Başörtüsüne tamamen karşı olduğum bilinir

Ekin Deligöz ise, “Başörtüsüne karşı olduğum gizli bir olay değil. Herkes başörtüsüne fikri bazda istediği gibi yaklaşabilir. Ancak bence kadınlar, demokratik bir ülkede bilinçli davranmalılar ve yaşamalılar. Ben Atatürk'ün fikirleriyle büyüyen bir insan olarak başörtüsüne karşıyım. Bunu her zaman söylemişimdir” diye konuştu. Başörtüsünün çoğunlukla siyasi bir sembol taşıdığını ileri süren Deligöz, “Tabii ki bu yüzden başörtülü kadınların imajı dışarıya karşı kötü yansıyor. Türbanın sembol olmasına karşıyım. Ben, dini ya da siyasi amaçlarla da olsa türbana karşıyım” açıklamasında bulundu. Sözleriyle ülkedeki Müslüman Türk toplumunun tepkisini çeken Deligöz, Bild am Sonntag gazetesine yaptığı açıklamada başörtüsünü kadınların baskı altında tutulmalarının bir sembolü olarak gördüğünü söylemişti.
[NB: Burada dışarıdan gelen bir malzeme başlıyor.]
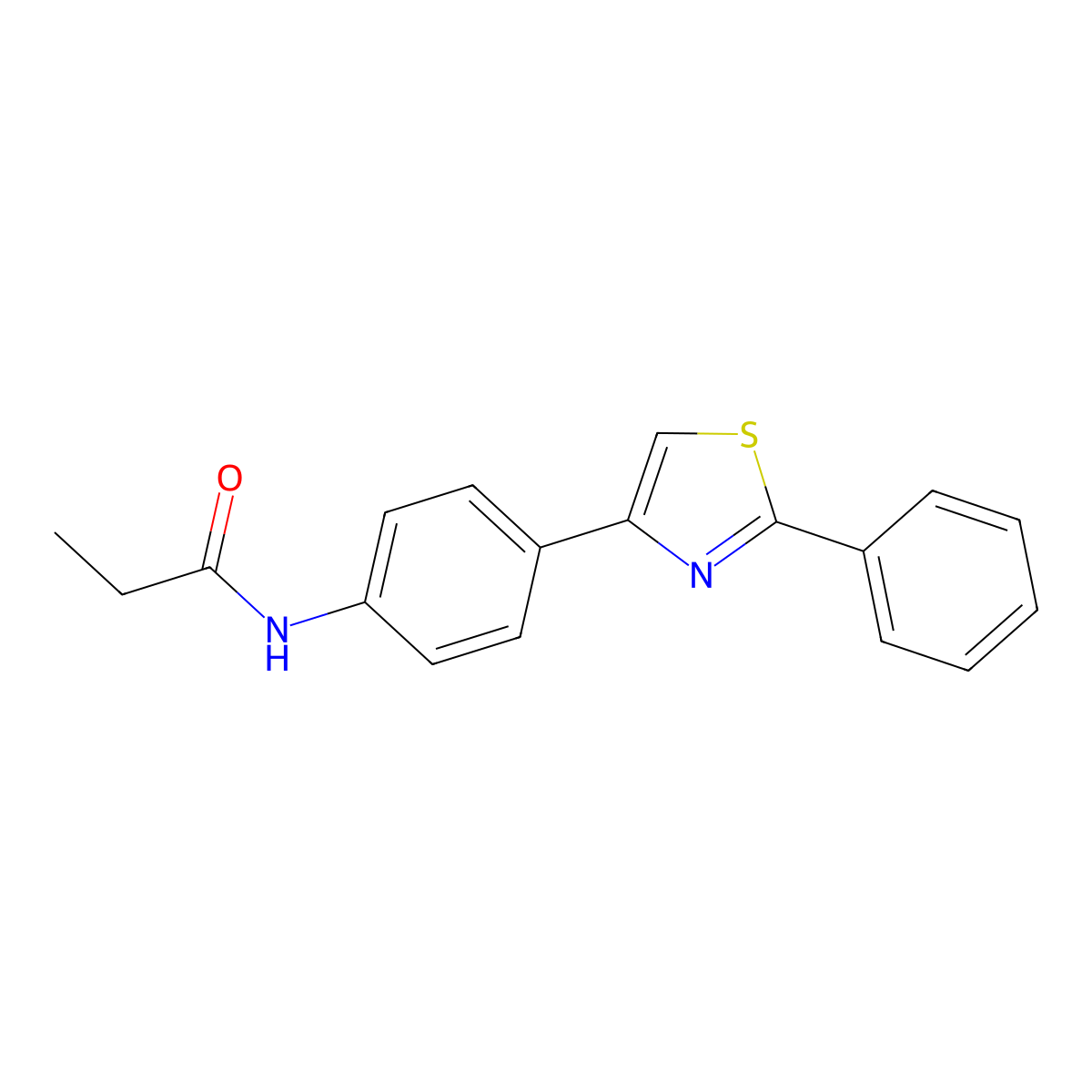 N-[4-(2-phenyl-1,3-thiazol-4-yl)phenyl]propanamide molecular structure, CAS 393837-66-6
'Türkçe marş Alman olmamızı engeller' demişti

Mayıs 2006'da Yeşiller Partili politikacı Hans-Christian Ströbele'in Alman milli marşının resmi olarak Türkçe versiyonunun hazırlanmasından yana görüş bildirmesi üzerine FDP Federal Yönetim Kurulu eski üyesi Mehmet Daimagüler bu teklifi reddetmiş ve Almanları bile şaşırtan şu ifadeleri kullanmıştı: "Ulusal birlikteliğin sembolü niteliğindeki milli marşın farklı dillerde okunması tam tersi bir etki yapar. Eğer bir ulus olacaksak, aynı dilde konuşabilmemiz ve okuyabilmemiz gerekir. Öneri toplumu Almanlaştırmaktan uzaklaştırılmayı hedefliyor." Hristiyan Birlik Partileri Federal Parlamento Grup Başkan Yardımcısı Wolfgang Bosbach (CDU) ise bu öneriyi reddederek, "Alman milli marşının Türkçe'si, entegrasyonun tam tersidir" demişti.
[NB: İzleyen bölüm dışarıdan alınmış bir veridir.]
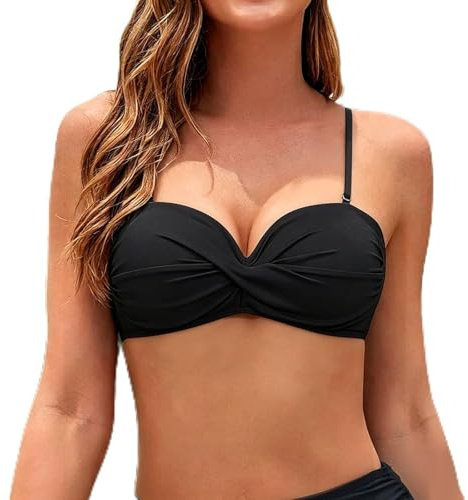 Haut de Maillot de Bain Femme Bandeau Push-Up Sexy Bikini Bandeau Bretelles Amovibles et sans Bretelles Col en V Croisée Hauts de Bikinis pour Femme Haut de Bikini Noir avec Rembourrage Amovible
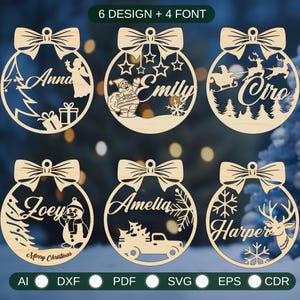 Paquete de adornos navideños personalizados SVG, juego de adornos para árboles de Navidad, adornos colgantes, corte láser de Año Nuevo, descarga digital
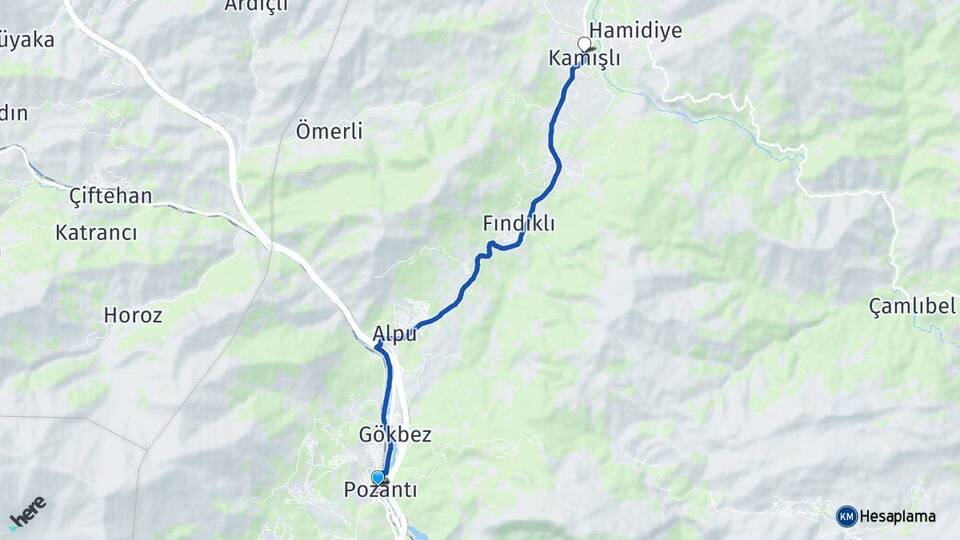 Adana Pozantı Kamışlı Pozantı Arası Kaç Km - Yol Haritası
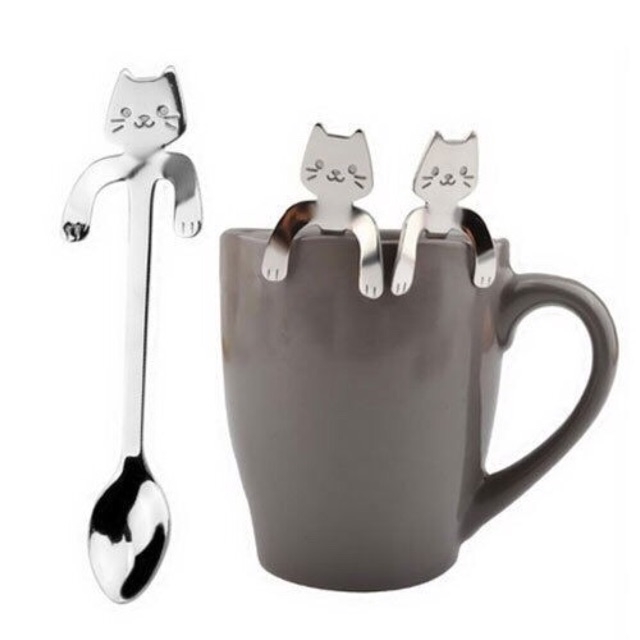 Sendok Teh/Kopi Bentuk Kucing Bahan Stainless Steel 304 Untuk Peralatan Dapur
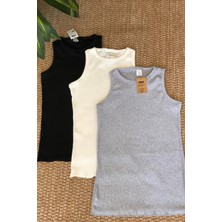 Mırach 3'lü Paket Kalın Askılı Fitilli Basic Atlet - Siyah, Beyaz ve Gri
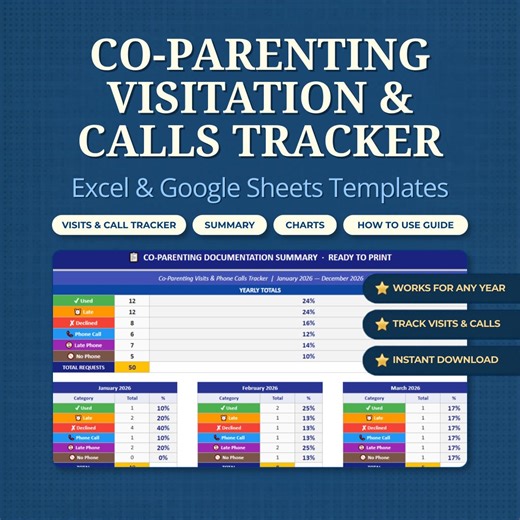 Co Parenting Visitation Tracker Spreadsheet | Custody Visit Log Excel Google Sheet | Phone Call Documentation | Full Year Evidence Organizer - Etsy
Erkekler nasıl uyum gösterecek?

Bild am Sonntag'da çıkan haberi değerlendiren Hıristiyan Demokrat Parti (CDU) Federal Yönetim Kurulu Üyesi Emine Demirbüken ise, “Başörtüsünü yobaz bir konuma getirmek kadar kötü bir şey yok. Bu aslında başörtüsü karşıtı Almanların ekmeğine yağ sürmektir” dedi. Başörtüsünün uyuma engel olmadığını kaydeden Demirbüken, “Kesinlikle böyle bir şey yok. Başörtüsü sadece dini inançlar gereği taşınıyorsa bu, tamamen Allah ile insan arasındaki bir durumdur. Kimse buna karışamaz.” dedi.Başörtüsünü uyumun engeli olarak görenleri kınadığını kaydeden Demirbüken, “Genelleştirerek başörtüsünü dar bir siyasi çerçeveye oturtmak, tehlike unsuru olarak göstermek kabul edilemez. Bu mübarek günlerde, bu kadar duyarsız bir açıklama yapan şahıs, konuya hakim olmadığını gösteriyor. Başörtüsünün farklı anlamalarını söylemeden sadece tehdit unsuru olarak göstermek doğru bir tavır değil. Benim annem 40 yıldır burada yaşıyor ve başörtüsü taşıyor, Alman toplumuyla da uyumlu. Ayrıca, entegrasyon sorunu yaşayan erkekleri ne yapmalı. Onları uyumlu hale getirmek için ne yapılması gerekiyor. Entegrasyon ile dini ve kültürel motifleri birbirinden ayırmak gerekir” diye konuştu.


Tek sorun başörtüsü mü?

  • VİNDELİK: Ben yurtdışına gittiğimde veya orada yaşamak zorunda kalsam, kendi geleneklerimi ve inançlarıma daha sıkı sarılırım. Türkiye'ye veya dini inancına ait özelliklerin terki, kimlik bunalımını da beraberinde getirecektir. Müslüman ailelerin çocuklarında alkol ve uyuştucu bağımlılığın çok az görülmesi dikkate değer bir şey. Ben çevremde yaşayan Müsmülanların dinlerine olan bağlılığı nedeniyle, artık daha dindar bir Hristiyanım.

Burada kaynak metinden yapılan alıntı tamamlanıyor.